Bu ülkenin başka işi gücü yok, her şey dört dörtlük ve güllük gülistanlık ya, sırf vakit geçsin diye bu tarz geyikler yapıyoruz işte…
Yok, Erbakan Hoca olsaymış, teravih ilk gününü Ayasofya’da kılarmış da, yok 100 tane Ayasofya açılsa da, alnından öpülmezmiş de…
Kuzum ya!
Hakikaten neyle besleniyorsunuz siz?
Ya da şöyle soralım:
Neyin kafasını yaşıyorsunuz!
Örneğin, ilk sorumuz AK Partili Bülent Turan’a:
Sayın Turan!
Ayasofya’nın ibadete açılmış olmasının önemini anlamak yahut anlatmak için Erbakan Hoca’dan örnek vermeye lüzum yok ki!
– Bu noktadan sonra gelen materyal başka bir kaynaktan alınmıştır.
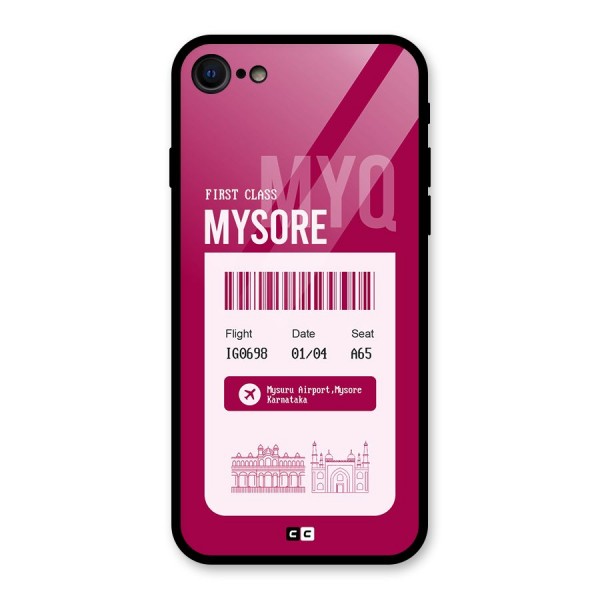 Mysore Boarding Pass Glass Back Case for iPhone 8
Aklıselim olan, yüreğinde zerre kadar da olsa iman taşıyan herkes bunun anlam ve önemini bilir zaten!
Hal böyle iken ne lüzumu var şimdi bu tarz çıkışların?
Gelgelelim SP Genel Başkan Yardımcısı Güneş’e:
Sayın Güneş!
Ayasofya ile Suriye arasında mukayese yapıyorsun madem; o halde Suriye’nin geldiği noktanın baş sorumlusunun, size 6’lı masayı kuranlar olduğunu da biliyor olman lazım!
Suriye’yi mahvetme meselesine gelince:
Türkiye’nin Suriye’de izlediği politika; PKK denilen hain terör örgütüne vurulan en büyük darbedir ve sen buna “Suriye’yi mahvetmek” diyorsan eğer; sana da pes doğrusu!
Tamam, masanızın etrafında görünmeyen bir sandalye ve o sandalyede oturan bir HDP var, onu biliyoruz da…
Bari hiç olmazsa bunu kadar belli etme!
Uzun sözün kısası Sayın Turan ve Sayın Güneş…
Sizin gündeminiz bu olabilir belki ama milletin gündemi bu değil, halkın gündemi böyle değil…
Dolayısıyla bırakın Ayasofya’yı Suriye’yi de, dünyayı bir ateş gibi çevreleyen küresel ekonomik krize karşı ne yapabilir ve bu girdaptan hangi formülle kurtulabiliriz, ondan haber verin…
Tabi varsa sizin böyle bir gündeminiz?